If life were easy, it wouldn’t be hard …

If that isn’t the stupidest book title ever, I don’t know what is. But that’s the title of Sheri Dew’s bestselling LDS book. In case you don’t know who Sheri Dew is, she’s the CEO of Deseret Book, the LDS church’s for-profit publishing arm; obsequious biographer of late church president Gordon B. Hinckley; and well-known homophobe (she displayed “a picture of a same-sex wedding; the photograph depicted two men getting married at the San Francisco City Hall and holding their adopted infant twin daughters in their arms. ‘This is hard for me to stomach,’ said Dew. ‘What kind of chance do these girls have being raised in that kind of setting?’”) . Lovely. 

Last night I came home from driving all over Utah Valley trying to find the right printer cartridge. Still haven’t found it. Grrrr.I arrived home, and the television was on in an empty family room. It was tuned to BYU-TV, and there was Sheri Dew speaking in the Provo Tabernacle. I caught just a minute or so of her talk, and it got me thinking. I know, how is a woman given to trite truisms, gay-bashing, and Hinckley-worship supposed to make one think?She was talking about how TV preachers offer quick solutions to life’s problems: “Send $59.95, and you’re troubles are over.” She contrasted this quick-fix approach to the gospel, which isn’t easy and doesn’t make this kind of financial demand.But what exactly is the gospel solution? To me, it’s “give 10% of your income, dedicate as many hours as you can to serving in church callings, give your blood, sweat, and tears, and then still you can’t expect relief from your troubles.” A lot of Mormons refer to life within the church as a treadmill or a hamster wheel: you run and run and never get anywhere. You give and give, expecting a reward that never comes.

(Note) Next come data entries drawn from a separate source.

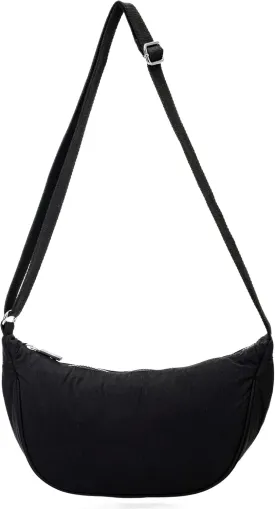 Crescent Moon Shoulder Bag for Women  Lightweight Fabric Crossbody Hobo Sling with Zip Pocket  Sky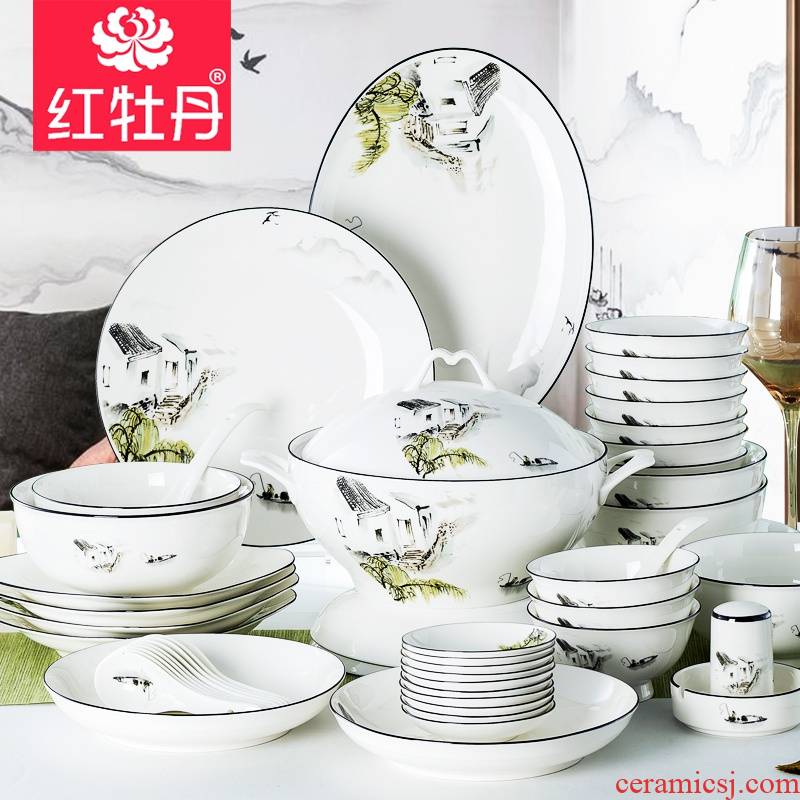 Red peony new Chinese dishes suit household ink wind ceramic tableware suit soup bowl bowl plate combination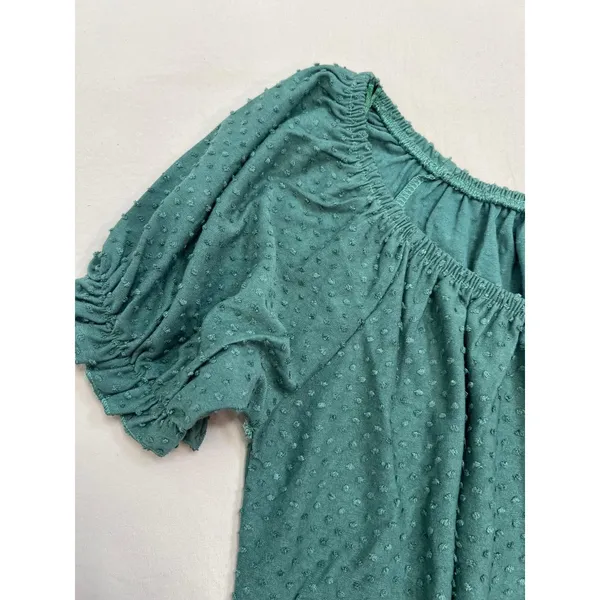 Philosophy Womens Size S Green Swiss Dot Puffed Sleeve Blouse Bohemian - Image 4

In other words, the church takes but does not give back. At least the TV evangelists send you some stupid vial of olive oil from Israel or a prayer card. With Mormonism, you get nothing. But you give all.

You don’t even get a t-shirt. Just some ugly and uncomfortable underwear. And you have to pay for them.


2 Responses to If life were easy, it wouldn’t be hard …

  1. sideon says:

    And horrid Jello salad recipes that include shredded vegetables.

    I’ll stick to Jello WRESTLING or Jello SHOTS and whatever choice of briefs (or not) that I want. (No thongs for me, though, but I could be enticed into a jockstrap or something with leather.)

  2. Soy Yo says:

    I used to have a shirt that said…”Club Mormon – 10% and you’re in”. Man I wish I could find that now.